The origin of any one of Long's sculptures might be traced back to some aimless doodle within the evolutionary soup of sketches that pile up in the studio. As the artist alternates from pencil and paper to torch and steel rods, these fledgling apparitions prompt the growth of a threedimensional steel skeleton. Long then considers the many potential surfaces that could evolve within the artwork's unique scaffolding. Using a resin made from soy and peanuts, he then materializes a form from the numerous potential surfaces that wait unseen within the various perimeters of the steel framework.
The resulting curving forms follow a mathematical principle known as "minimal surfaces,"
according to which a given plane assumes a geometrical configuration of least possible area into which it can readily deform according to a given framework. The use of soy-peanut epoxy to freeze these flowing forms is an important new step in the artist's practice, as this natural material allows Long to return to his biomorphic forms. In some, the raw translucent resin is stained with colors that flow across the organic form, creating atmospheric drips and haze. In others, color and textures shift across the opaque resin surfaces, defining the volumes enclosed by these minimal surfaces.
Long finds inspiration in the writings of Ralph Waldo Emerson, and thus seeks a creative
investigation that is open-ended, independent of pre-determined objectives, and, as Emerson himself describes it, a "voyage in the unharbored deep." In one piece, Long has included sketches culled from the rich collection of drawings in which he typically immerses himself while in the studio.

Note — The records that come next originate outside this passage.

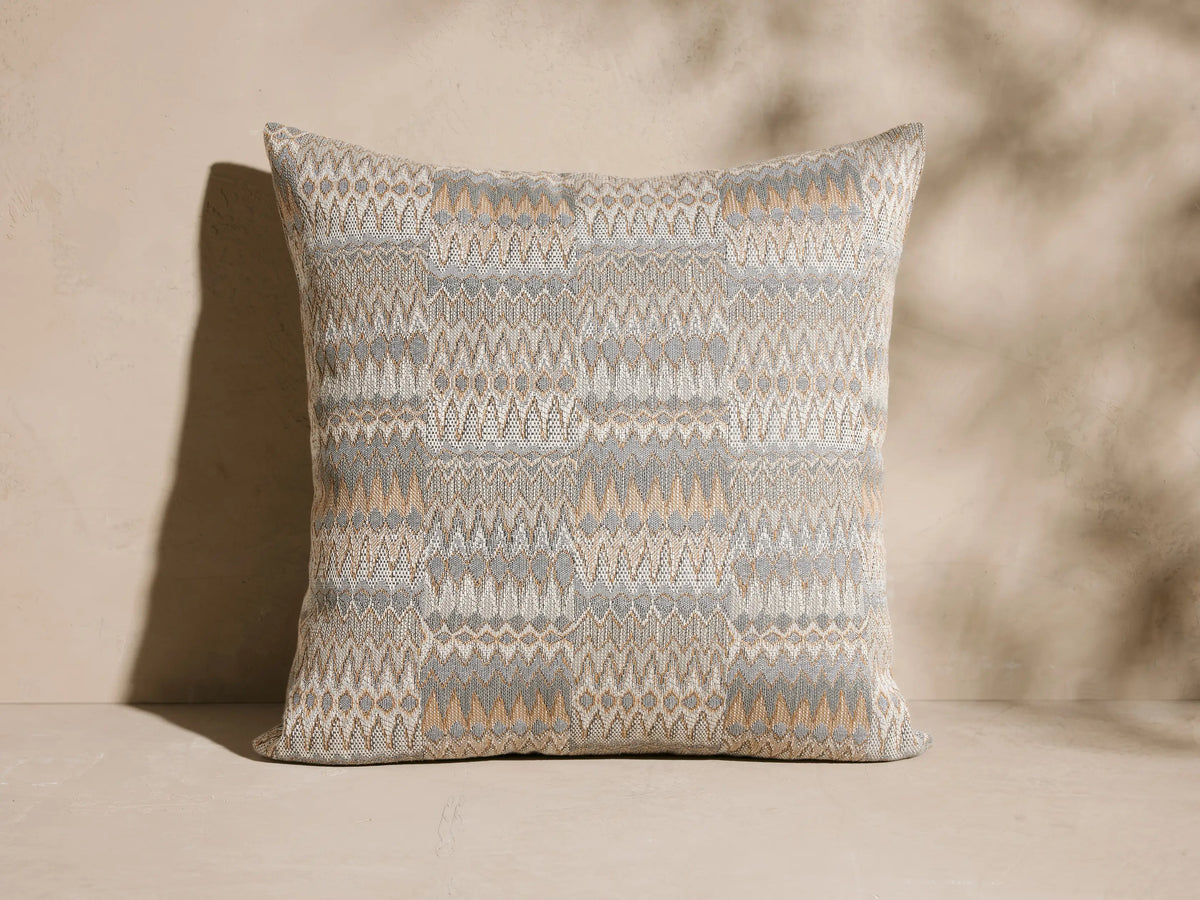 Naya Outdoor Pillow, square, textured jacquard in light gray, cream, and tan geometric zig-zag pattern.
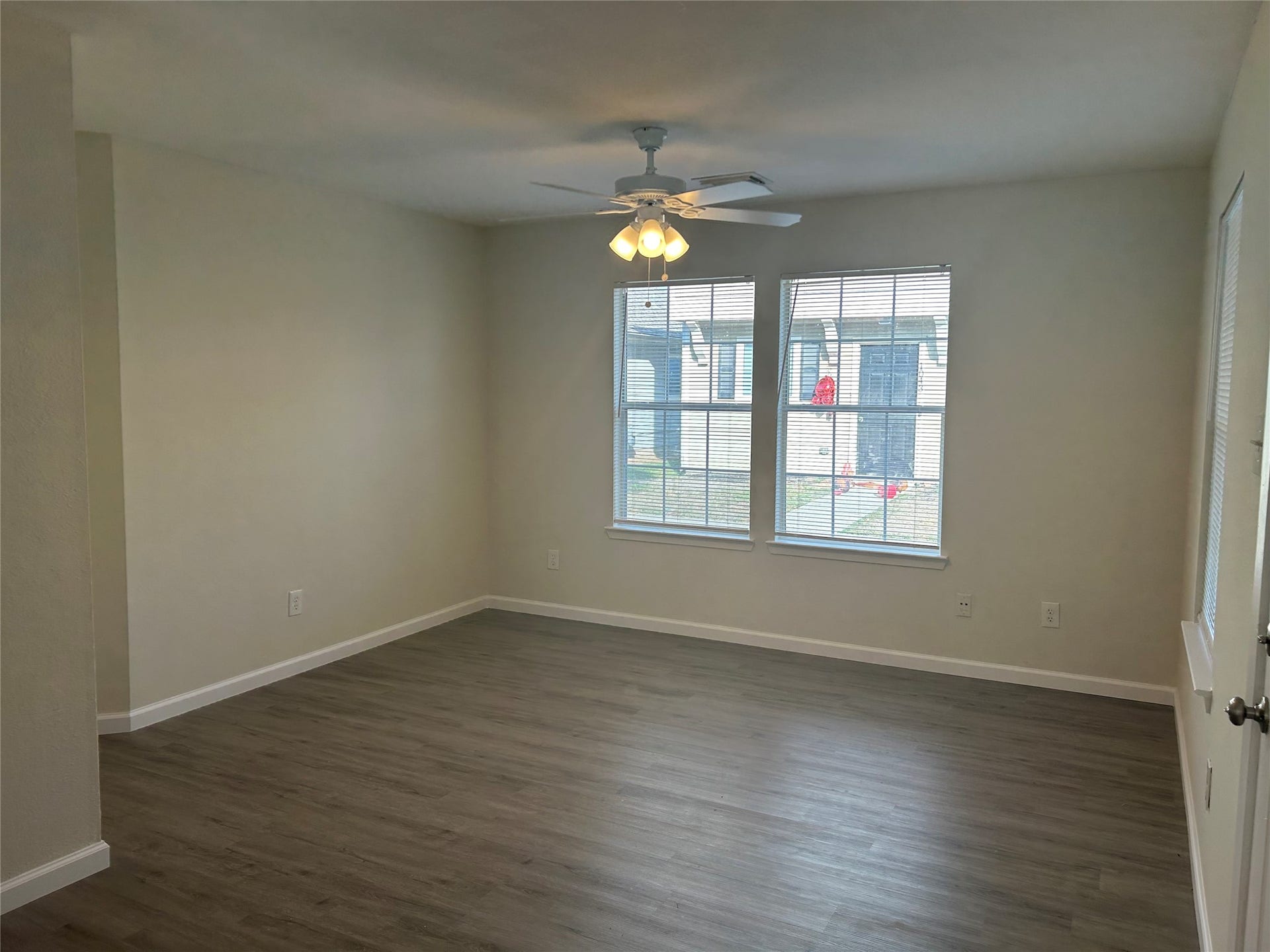 Spacious living area with dark wood flooring and lots of natural light.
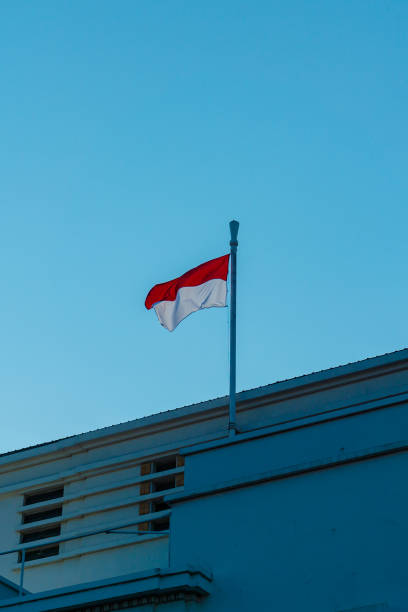 Indonesian flag above the building Indonesian flag fluttering above white retro building jakarta slums stock pictures, royalty-free photos & images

Presented within the cavity of the sculpture, Long suggests that the threedimensional forms on view convey but a few of the many possible manifestations along a continuous arc of the artist's inner exploration.
Charles Long's work was recently exhibited at the UCLA Hammer Museum, Los Angeles as part of a solo presentation entitled Seeing Green, in conjunction with the exhibition All of This and Nothing: 6th Hammer Invitational. Other recent shows include The Uncertainty of Objects and Ideas: Contemporary Sculpture, at the Hirshhorn Museum and Sculpture Garden, Washington, DC (group 2006); 100 Pounds of Clay, Orange County Museum of Art, Newport Beach, CA (solo 2006); Gone Formalism, Institute of Contemporary Art, Philadelphia, (group 2006); and More Like a Dream Than a Scheme, David Winton Bell Gallery, Brown University, Providence, RI, traveled to SITE Santa Fe (solo 2005). In addition to being featured in the Whitney Biennial, Long has received the American Academy of Arts and Letters "Award of Merit Medal for Sculpture."